Monday, January 22, 2018

Ruminating on Netflix Conductor Orchestration

We have been evaluating the Netflix open source Conductor project and are intrigued by the design decisions made in it.

Netflix Conductor can be used for orchestration of microservices. Microservices are typically loosely coupled using pub/sub semantics and leveraging a resilient message broker such as Kafka. But this simple and proven event driven architecture did not suffice the needs for Netflix.

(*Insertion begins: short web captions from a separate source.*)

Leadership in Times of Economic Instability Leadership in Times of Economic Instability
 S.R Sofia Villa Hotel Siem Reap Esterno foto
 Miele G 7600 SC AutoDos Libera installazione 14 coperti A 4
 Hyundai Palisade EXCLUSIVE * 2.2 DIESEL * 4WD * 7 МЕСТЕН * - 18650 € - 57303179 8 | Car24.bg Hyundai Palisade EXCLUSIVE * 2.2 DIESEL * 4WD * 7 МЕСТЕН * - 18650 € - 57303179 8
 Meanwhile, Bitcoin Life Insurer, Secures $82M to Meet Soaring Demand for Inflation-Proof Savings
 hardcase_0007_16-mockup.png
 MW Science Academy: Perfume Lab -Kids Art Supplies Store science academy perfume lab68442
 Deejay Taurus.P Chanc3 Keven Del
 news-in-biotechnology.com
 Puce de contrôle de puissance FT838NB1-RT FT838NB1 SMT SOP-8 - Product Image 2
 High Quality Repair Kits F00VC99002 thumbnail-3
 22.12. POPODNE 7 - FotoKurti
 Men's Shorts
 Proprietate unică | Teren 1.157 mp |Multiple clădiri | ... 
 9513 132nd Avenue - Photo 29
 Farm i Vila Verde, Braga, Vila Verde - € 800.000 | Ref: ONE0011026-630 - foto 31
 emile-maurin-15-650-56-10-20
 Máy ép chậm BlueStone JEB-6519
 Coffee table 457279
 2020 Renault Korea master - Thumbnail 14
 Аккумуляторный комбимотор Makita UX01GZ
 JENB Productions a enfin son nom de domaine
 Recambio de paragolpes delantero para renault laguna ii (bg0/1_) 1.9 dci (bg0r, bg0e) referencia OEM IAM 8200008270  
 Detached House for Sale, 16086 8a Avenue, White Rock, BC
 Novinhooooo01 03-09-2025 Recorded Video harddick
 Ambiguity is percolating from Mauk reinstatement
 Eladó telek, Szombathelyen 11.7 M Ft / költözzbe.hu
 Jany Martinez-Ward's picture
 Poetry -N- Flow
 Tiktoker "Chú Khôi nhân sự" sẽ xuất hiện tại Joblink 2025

A good article on the challenges faced by the Netflix team and the genesis of Conductor is available here. Snippets from the article:

"Pub/sub model worked for simplest of the flows, but quickly highlighted some of the issues associated with the approach:

  • Process flows are “embedded” within the code of multiple applications - e.g. If you have a pipeline of publishers and subscribers, it becomes difficult to understand the big picture without proper design documentation. 
  • There is tight coupling and assumptions around input/output, SLAs etc, making it harder to adapt to changing needs  - i.e. How will you monitor that the response for a particular task is completed within a 3 second SLA? If not done within this timeframe, we need to mark this task as a failure. Doing this is very difficult with pub/sub unless we code this ourselves.
  • No easy way to monitor the progress - When did the process complete? At what step did the transaction fail?

To address all the above issues, the Netflix team created Conductor. Conductor servers are also stateless and can be deployed on multiple servers to handle scale and availability needs.